Cette séquence, au même titre que le reste du film, est visuellement superbe et mise en scène de manière brillante. Après tout, il ne s'agit là que d'une énième et ultime démonstration du talent dont Kubrick a toujours su faire preuve en matière de réalisation. Dans Eyes wide shut, peut-être même davantage que dans ses précédents long-métrages, la composition du cadre témoigne du sens aigu de l'esthétisme et de l'extrême précision du cinéaste. Inutile de répertorier tous les éléments qui contribuent à faire d'Eyes wide shut une réussite au niveau formel. Peut-être pouvons-nous au moins relever le jeu visuel du jaune, du bleu et du rouge, dans ce film où les couleurs ont une symbolique très forte.

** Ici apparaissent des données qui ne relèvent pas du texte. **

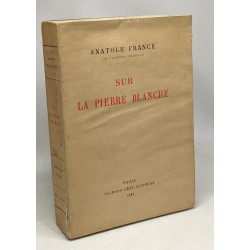 Sur la pierre blanche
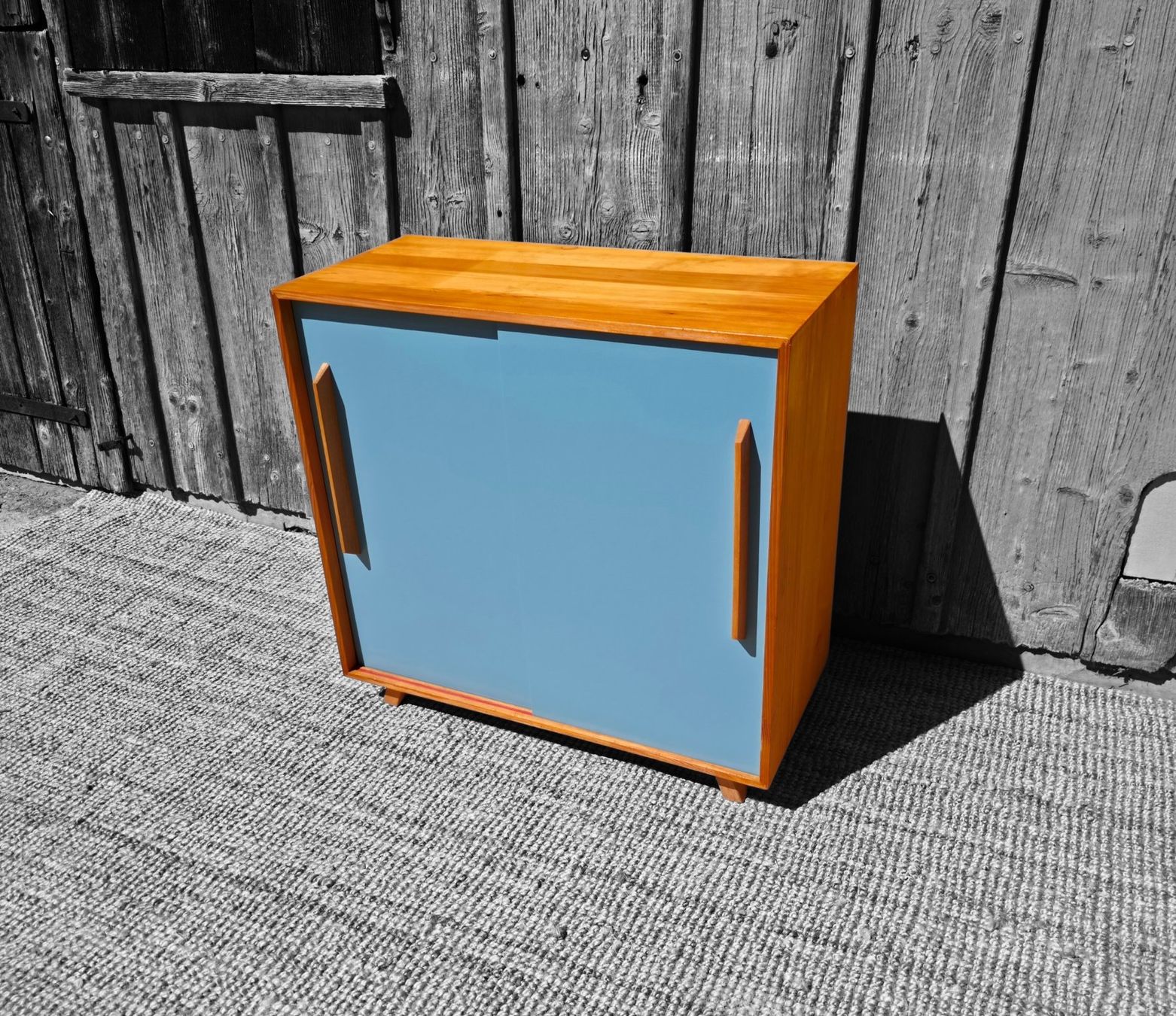 Cassettiere: Schiebetüren Sideboard  restauriert – Usato da Haslen AI venduto da Vintagelix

Comment clore la filmographie de Stanley Kubrick d'une meilleure manière que par un tel chef-d'oeuvre ? Il s'agit là d'une cruelle conclusion qui met un terme à la longue réflexion cinématographique qu'il a mené à travers ses treize long-métrages. De Fear and Desire à Eyes wide shut, la boucle est bouclée, sans pour autant que cet ultime film ne permette d'éclaircir l'énigme Kubrick. Au contraire, cette œuvre tout en suggestion et en interprétations multiples se refuse à livrer la moindre explication au spectateur, et s'achève simplement sur cette réponse terrible mais surtout salvatrice prononcée par Nicole Kidman lorsque Tom Cruise lui demande ce qu'il y a de si urgent à faire après toute cette sombre histoire : « fuck ».

 

Revu le 16 Mai 2014, à la filmothèque du Quartier latin, salle Marilyn, en VO.